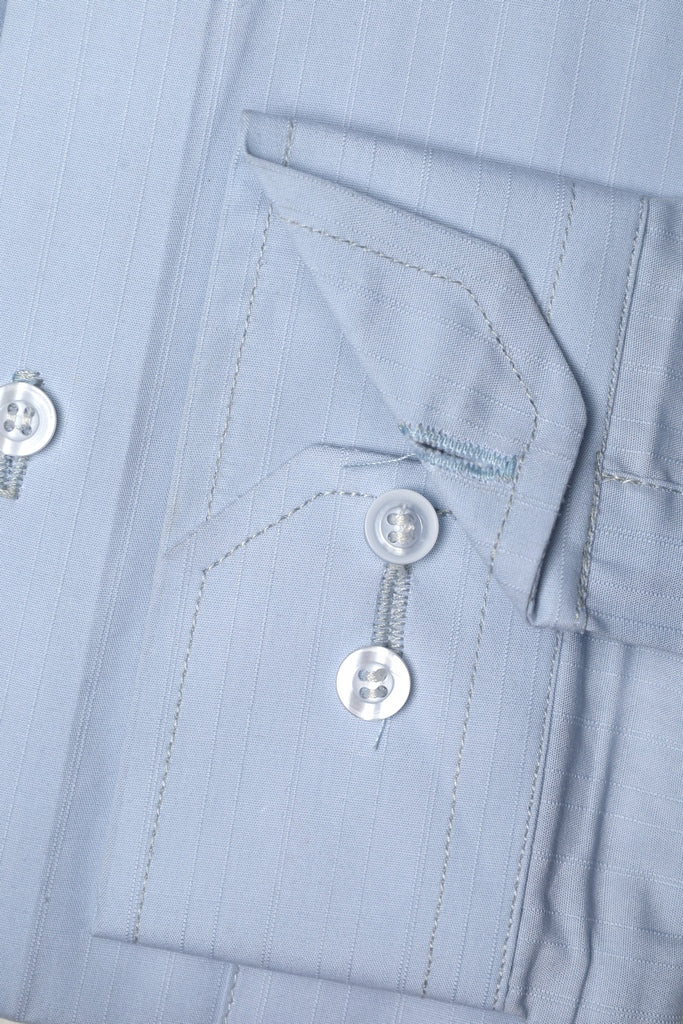 Pale Blue Shadow-Stripe Dress Shirt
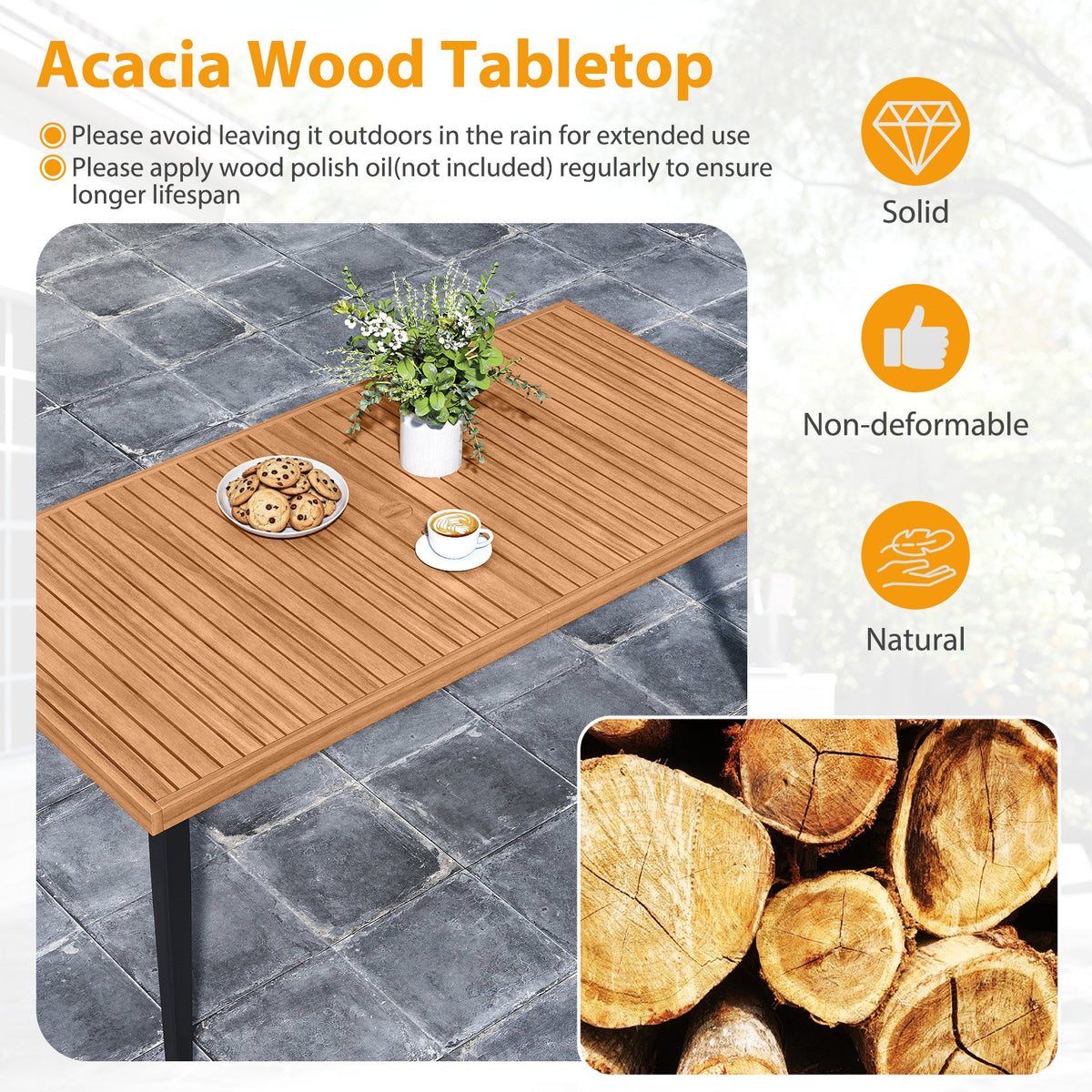 63 Inches Outdoor Indoor Dining Table with 1.97 Inches Umbrella Hole and Metal Legs view 8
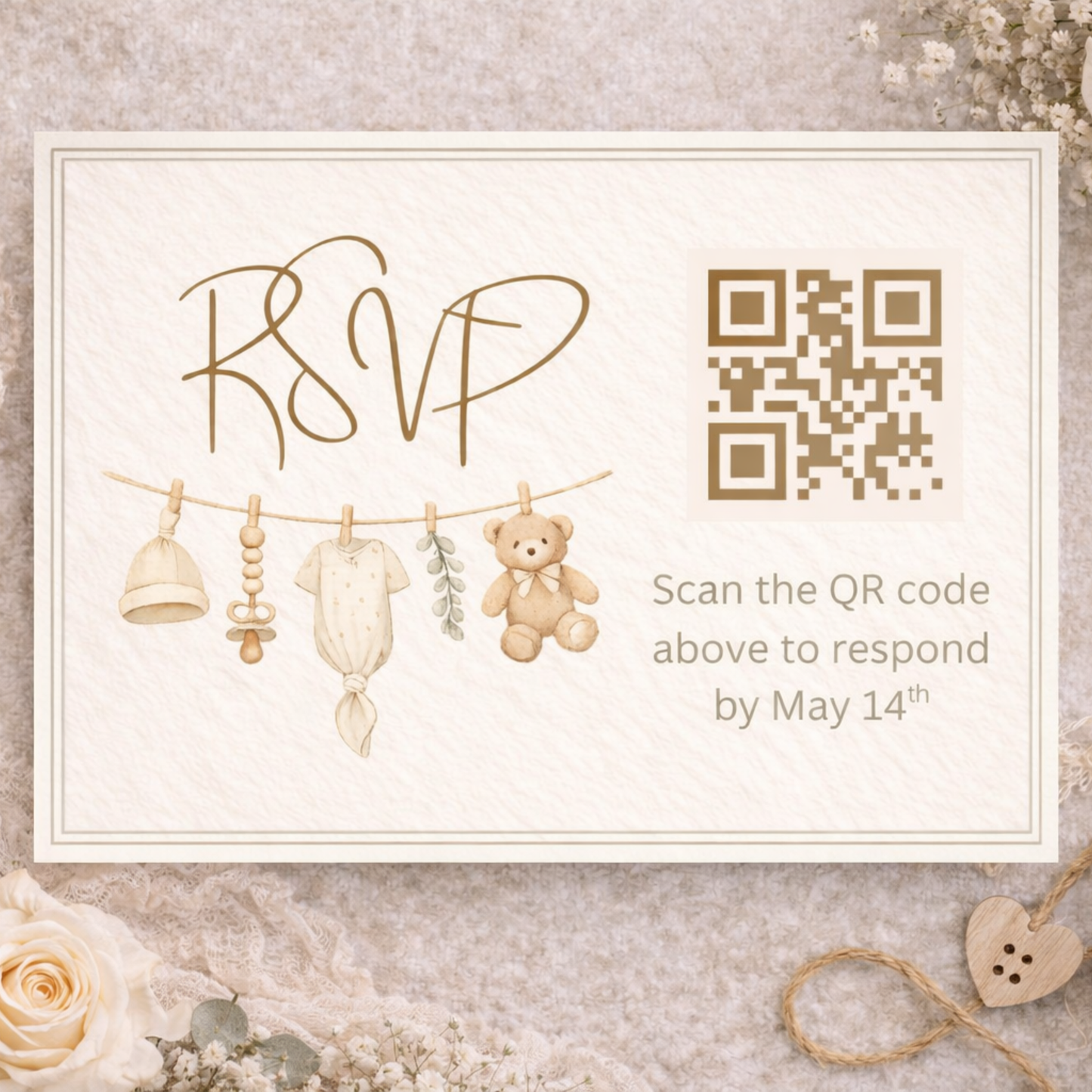 Vintage Baby Shower Invitation Bundle | Neutral Clothesline Baby Shower Invite Editable Bundle Kit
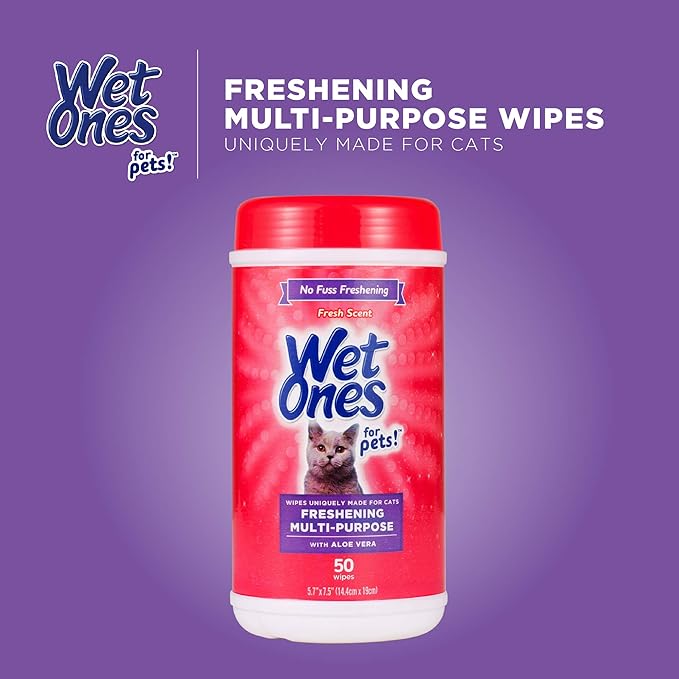 Wet Ones for Pets Freshening Multipurpose Wipes for Cats with Aloe Vera, Fresh Scent - Easy to Use Cat Cleaning Wipes for Pet Grooming in Canister, 50 Count - 3 Pack
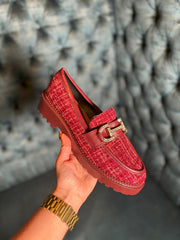 Wine Textured Chain Loafers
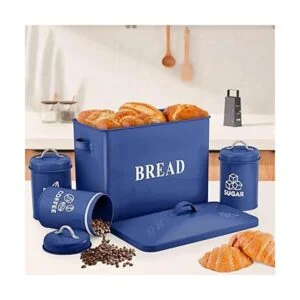 Caja de pan azul marino con juego de recipientes para_4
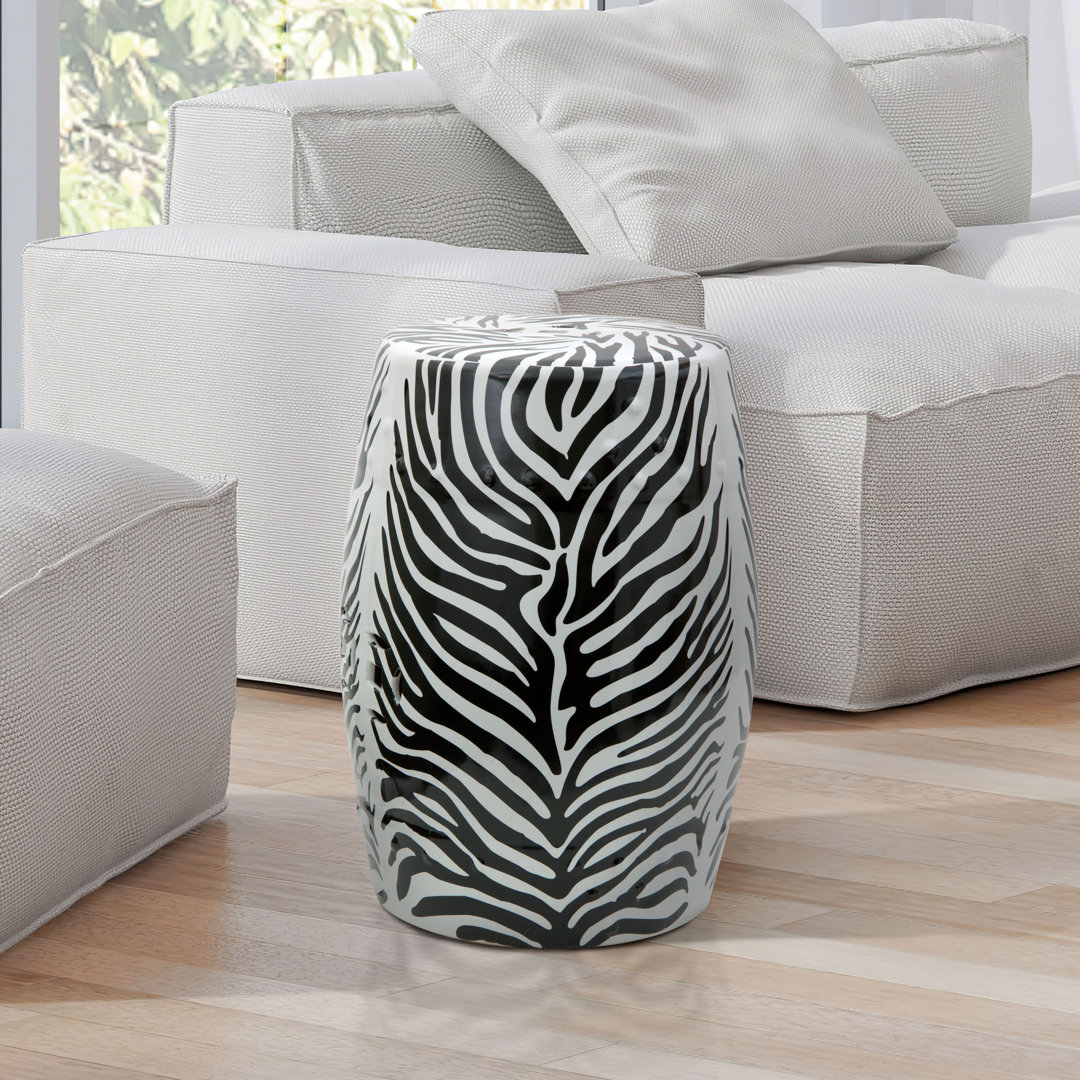 Zebra Leaf Porcelain Garden Stool Oriental Furniture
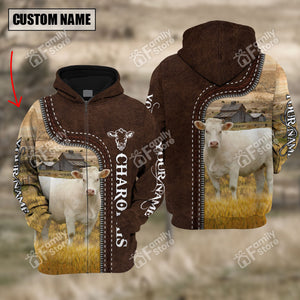 Personalized Uni Charolais Farming Leather Pattern 3D Hoodie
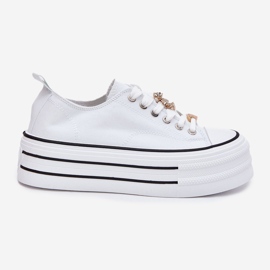 Zapatillas de deporte para mujeres en la plataforma con alfileres dorados blancos 8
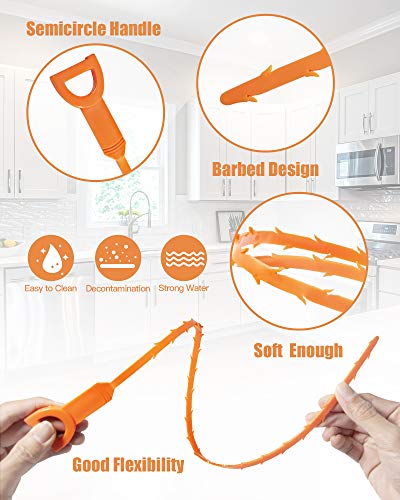 Hair Drain Clog Remover Tool – 6 × 25-Inch Sink Snake + 1 × 24-Inch Drain Cleaner Tool, Plumbing Snake for Shower, Toilet, Kitchen Sink & Tub – 7-Piece Hair Removal Tool Set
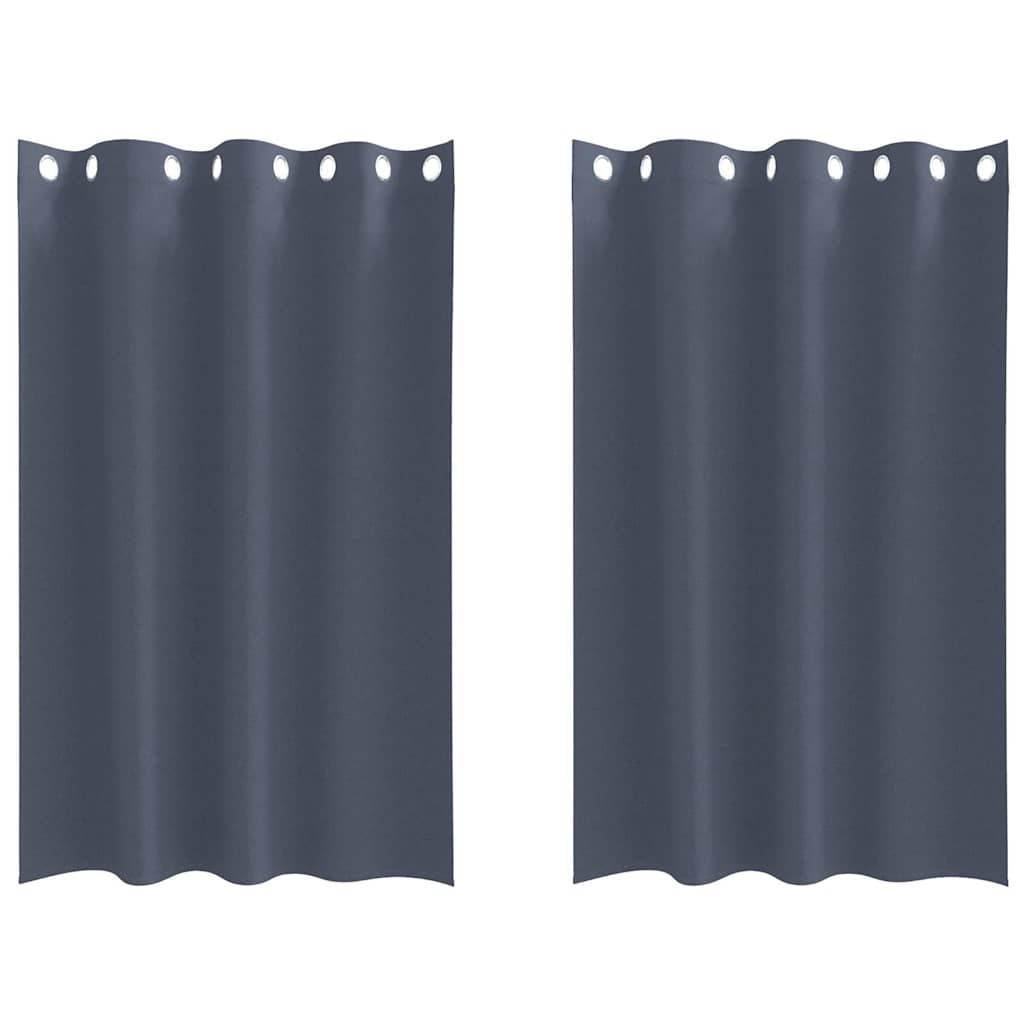 vidaXL Verdunkelungs-Vorhänge mit Ringen 2 pcs Anthrazit 175 x 140 cm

[WORK INSTRUCTIONS]
Find "Hair Drain Clog" in the entries, then reproduce that line and each line after it exactly, through the last one. Pictures do not go in.

[FINISHED TASK]
 Hair Drain Clog Remover Tool – 6 × 25-Inch Sink Snake + 1 × 24-Inch Drain Cleaner Tool, Plumbing Snake for Shower, Toilet, Kitchen Sink & Tub – 7-Piece Hair Removal Tool Set
 vidaXL Verdunkelungs-Vorhänge mit Ringen 2 pcs Anthrazit 175 x 140 cm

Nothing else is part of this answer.